Sommers roomed here, and left his money with the office. I need the cash
to pay a carpenter who has built an addition for me. Kind of funny to be
worth not a cent less than five thousand gold, in stock and good will,
and be pushed for a hundred cash."
"If you've Mr. Sommers' check, I'll let you have the money--for St.
Dunstan's sake."
"If you could? Of course, you know the lieutenant's signature?"
"As well as my own. Quite right. Here you are. Where is your
restaurant?"
"You cross the Lunette, turn toward the bay--ask anybody. Hope to see
you soon. Good day."
Some officers called on Carrington, as they had been told to do by the
absent Sommers. When introductions were over, one of them handed a paper
to Carrington, saying gravely: "Sommers told me to give this to you.
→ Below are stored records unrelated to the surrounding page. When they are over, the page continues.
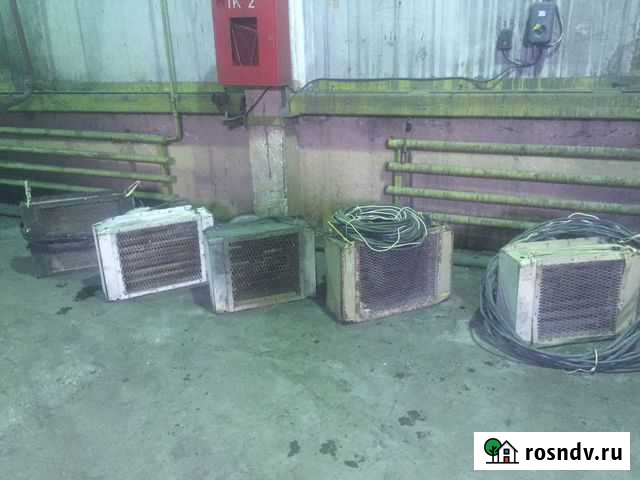 Калорифер кэв Омск - изображение 1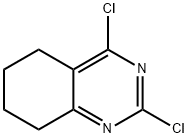 2,4-二氯-6,7-二氢-5H-环戊并嘧啶,2,4-dichloro-5,6,7,8-tetrahydroquinazoline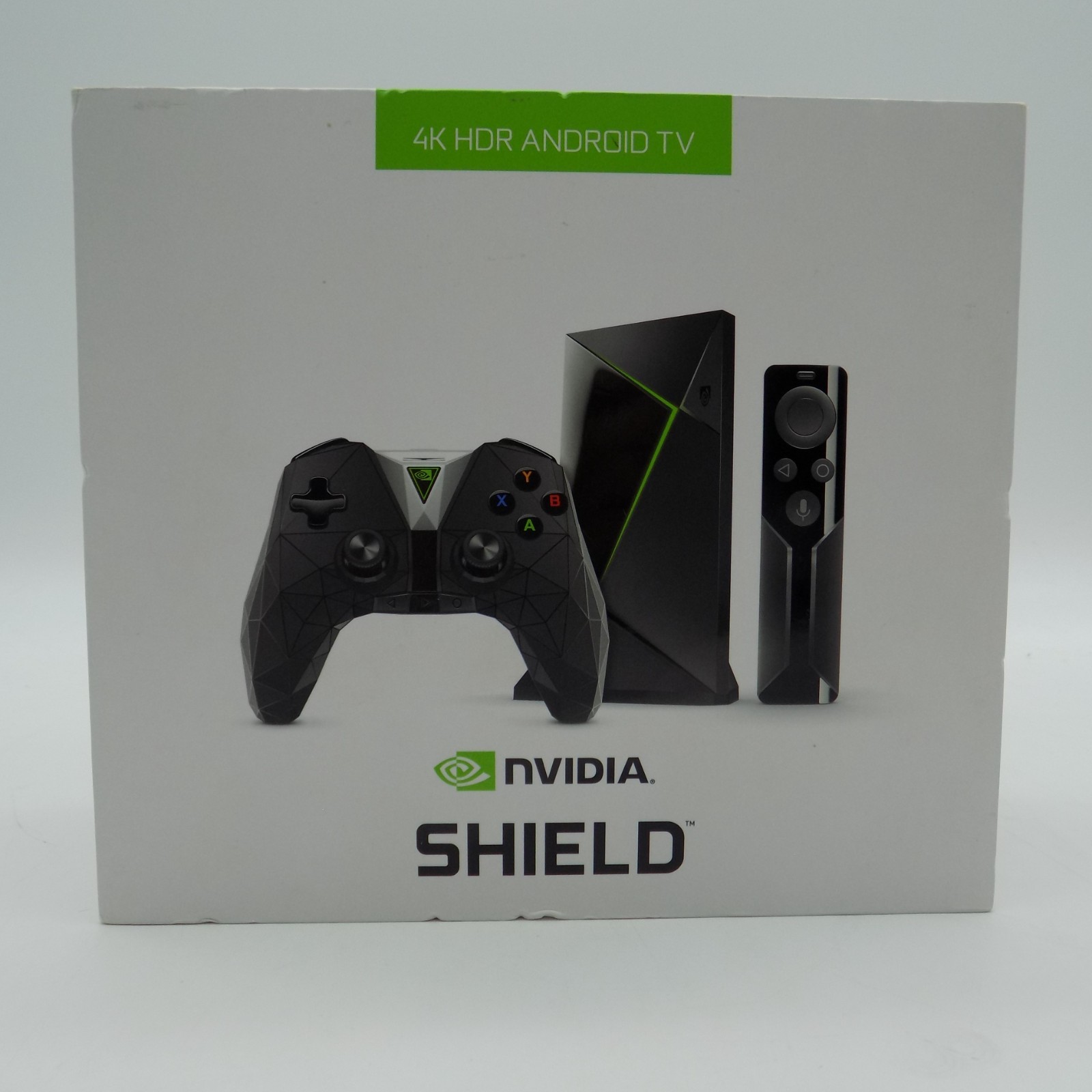 NVIDIA Shield Model P2897 4K HDR Android TV Shield Controller Remote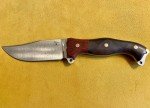 Norseman Knives Busse Nano Fusion Badger Variant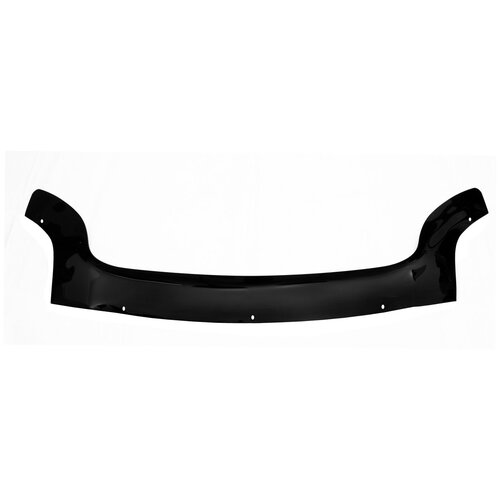 фото Rein дефлектор капота (евро крепеж) toyota yaris 2005-2012 хэтчбек, без лого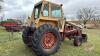 Case 970 tractor, s/n 8704378 - 4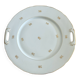 Dessert plate PN Lamotte porcelain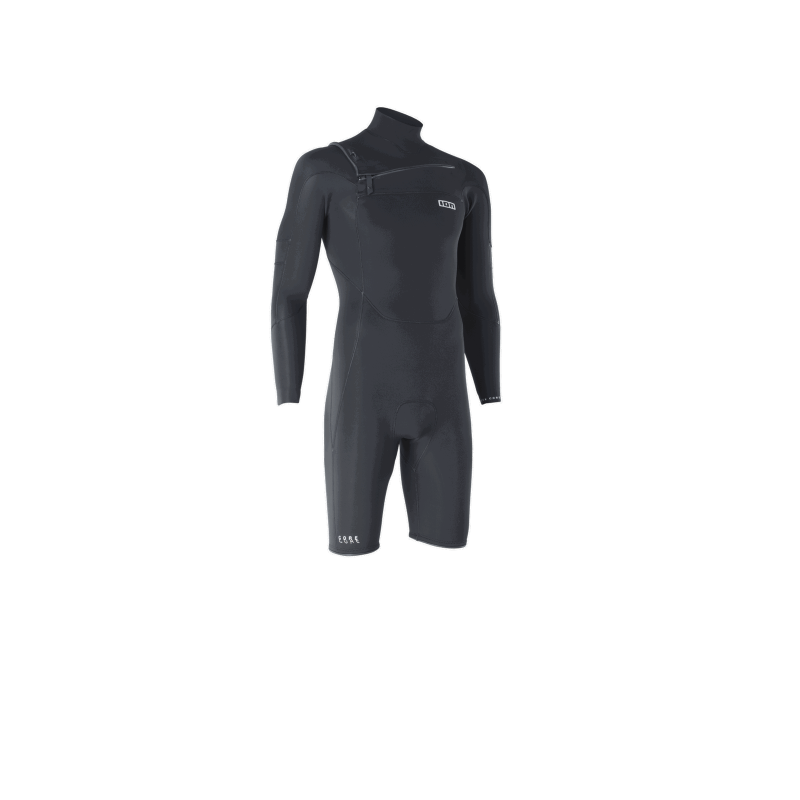 Seek Core 3/2 Shorty LS Front Zip - Combinaison de surf homme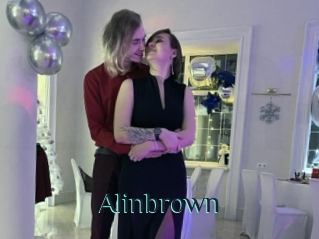 Alinbrown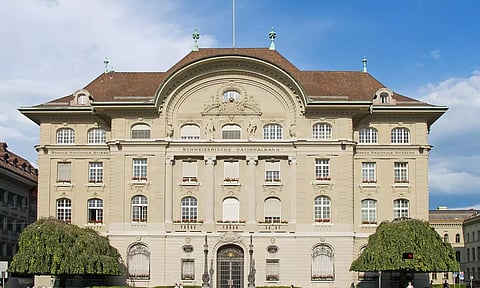 swiss national bank 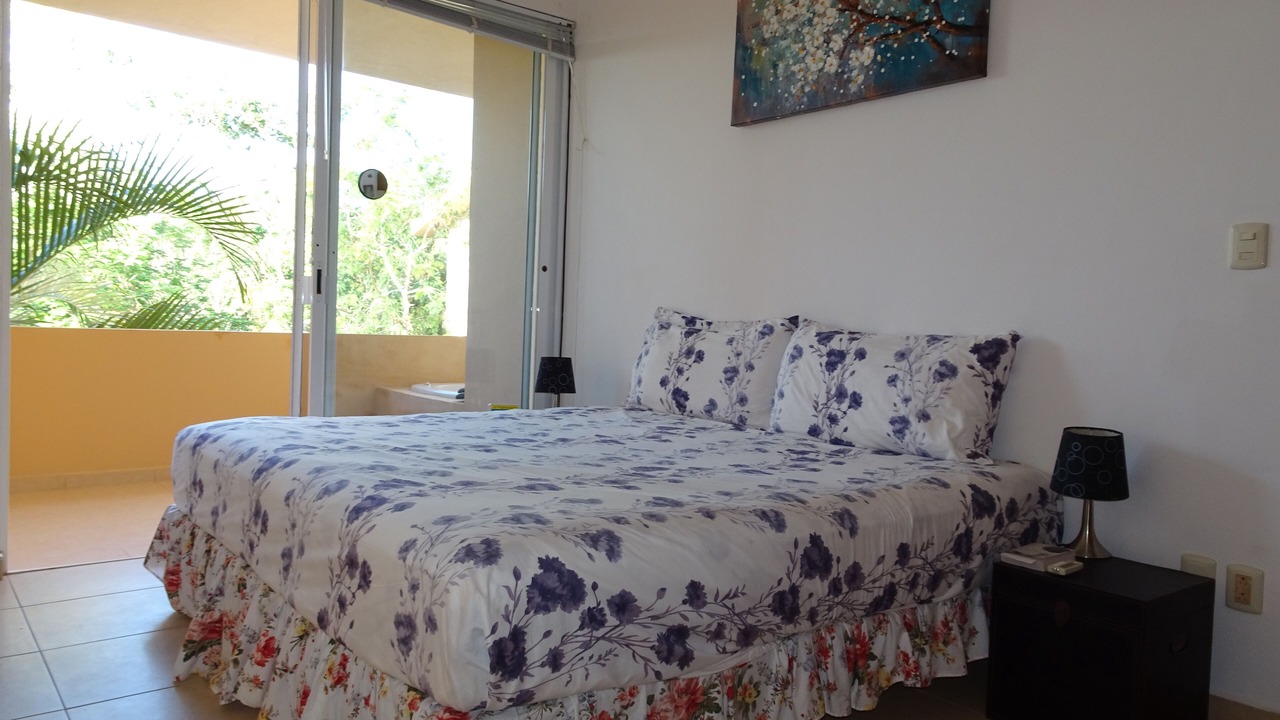 Photo of Bedroom in Puerto Aventuras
It
was published in San Francisco the day after you left, and reached here
while you were in Japan."
What Carrington saw was a San Francisco newspaper story of his encounter
with the Palace Hotel detective, an account of his famous dinner at the
St. Dunstan, some selections of his other college pranks, allusion to
the fact that he was a classmate of two San Franciscans, Messrs. Thorpe
and Culver, the whole illustrated with pictures of Carrington and
Presidio--the latter taken from the rogues' gallery. "Very pretty, very
pretty, indeed," murmured Carrington, his eyes lingering with thoughtful
pause on the picture of Presidio. "Could we not celebrate my fame in
some place of refreshment--the St. Dunstan, for instance?"
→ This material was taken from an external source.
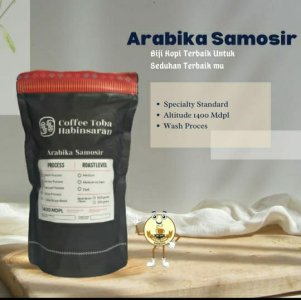 Kopi Arabika Toba Habinsaran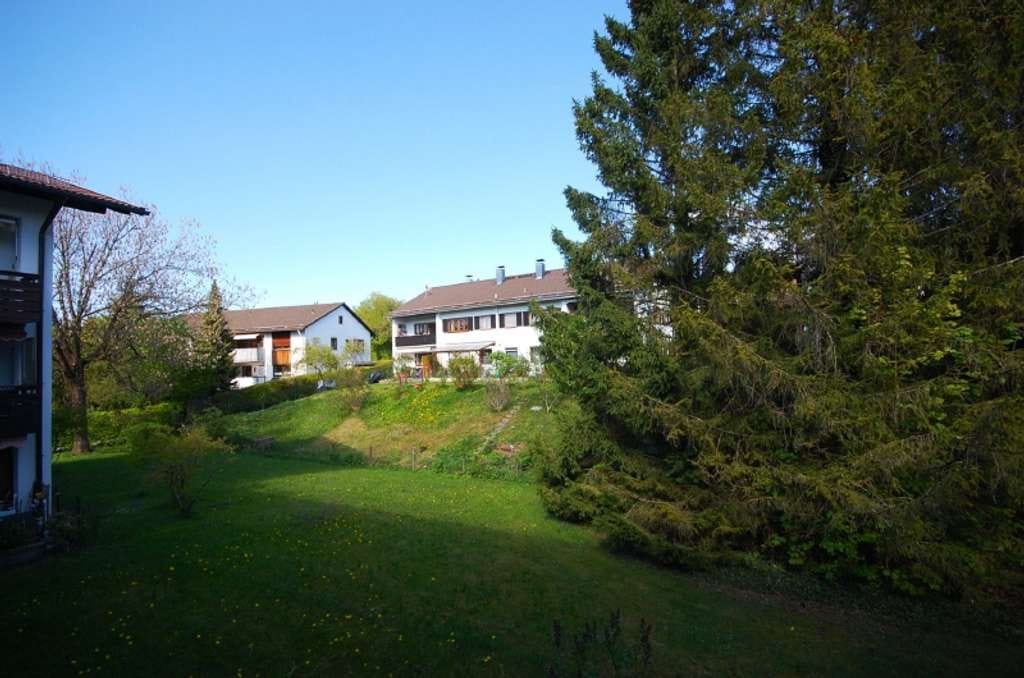 Immobilie in Bad Tölz - Attraktive 3-Zimmer-Wohnung in ruhiger Wohnlage von Bad Tölz

 - Bild 3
They knew of no St. Dunstan's.
"I foreboded it," sighed Carrington. He narrated his recent experience
with one James Wilkins, "who, I now opine, is Mr. Presidio. It's not
worth troubling the police about, but I'd give a pretty penny to see Mr.
Presidio again. Not to reprove him for the error of his ways, but to
discover the resemblance which has led to this winsome newspaper story."
The next day one of the officers told Carrington that he had learned
that Presidio and his wife, known to the police by a number of names,
had taken ship the afternoon before.
"I see," remarked Carrington. "He needed exactly my tip to move to new
fields. He worked me from the article in the paper, which he had seen
and I had not. Clever Presidio!"
* * * * *
When Tommy, the hall-boy, on the night of Mr. Holt's first Tenderloin
assignment, went to inform the police, Carrington, looking about the
apartment to discover the extent of his loss, found on a table a letter
superinscribed, "Before sending for the police, read this." He read:
"Dear Mr. Carrington: Since we met in Manila I have been to about every
country on top of the earth where a white man's show could be worked.
It's been up and down, and down and up, the last turn being down. In
India I got some sleight-of-hand tricks which are new to this country;
but here we land, wife and me, broke. Nothing but our apparatus, which
we can't eat; and not able to use it, because we are shy on dress
clothes demanded by the houses where I could get engagements. In that
condition I happened to see you on the street, and thought to try a
touch; and would, but you might be sore over the little fun we had in
Manila. I heard in South Africa that you wouldn't let the army officers
start the police after me; and wife says that was as square a deal as
she ever heard of, and to try a touch. But I says we will make a forced
loan, and repay out of our salaries. We hocked our apparatus to get me a
suit of clothes which looked something like those you wear, and the rest
was easy: finding out Tommy's name and then conning him. I've taken some
clothes and jewelry, to make a front at the booking office, and some
cash. You should empty your pockets of loose cash: I found some in all
your clothes. Give me and wife a chance, and we will live straight after
this, and remit on instalment. You can get me pinched easy, for we'll be
playing the continuous circuit in a week; but wife says you won't
squeal, and I'll take chances. Yours, sincerely as always, Presidio."